One of my favourite writers (comic book or otherwise), is Gail Simone, a woman whose grasp of dialogue and nuances of character is so sharp she begs few parallels amonsgst her contemporaries – yup, she’s that good folks. In the late 1990s, Gail created a website with the rather disturbing title “Women in Refrigerators”, a site that took a rather sharp and disparaging look at the ill-advised treatment of female characters in the comic book industry, many of whom had been injured, killed, raped, sexually assaulted or depowered as some form of “plot device” to “further” some story. Her unblinking view of the portrayal of women in the medium encouraged both creators and fans, for better or worse, to reevaluate the effect and impact of these stories, and encouraged and spearheaded some widespread, positive change for the better throughout the industry in regards to the respect and treatment of these important female characters. And so, inspired as I’ve been by Gail’s quiet but forceful movement for change, I couldn’t help but ponder over the treatment of LGBT characters in this industry that I’d loved since my childhood.

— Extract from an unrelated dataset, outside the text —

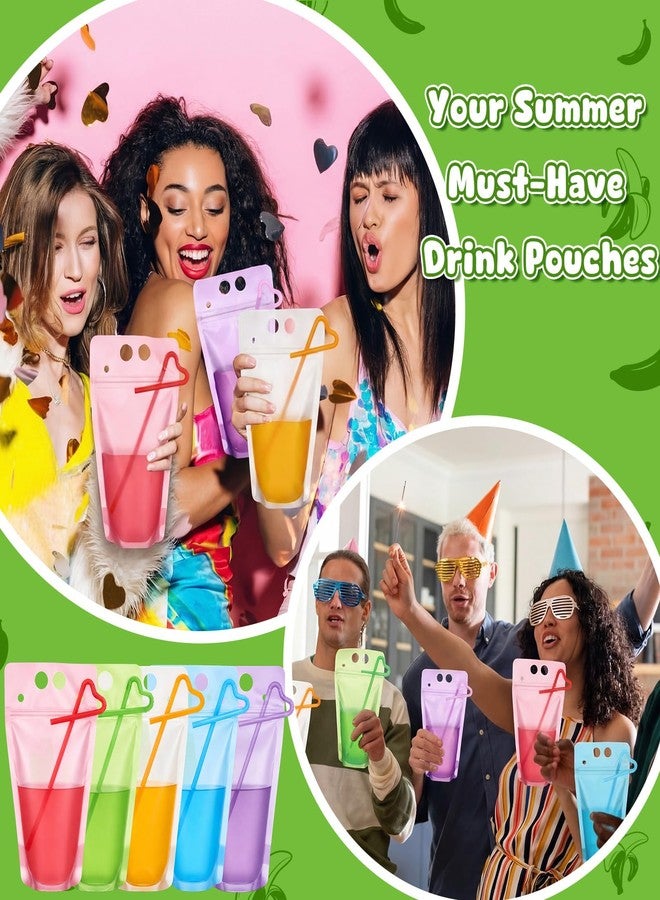 LemonRoad 100 Pcs Drink Pouches with Straws 17oz Reclosable Juice Pouches Hand-held Translucent Leakproof Zipper Plastic Bags for Juice Cocktail Smoothies Slushies Party Drinks (Multicolor) - Image 5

And first of all…can I just say it’s 2011. And times, they are a-changing. And that’s not to take away by any means from the gay rights movement and the many issues faced by gay, lesbian bi and trans people on a day-to-day basis. But in my mind…really, who CARES at this point? Hasn’t gay culture saturated the media enough, with at least a handful of recognizable to most real life role models of actors and singers and athletes now loud, proud, and out…and yet still loved and admired by their adoring fans? Knowing this, how bad could the comic book landscape be?
Pretty bad it seems.
And if you belong to Marvel, downright dangerous to your being.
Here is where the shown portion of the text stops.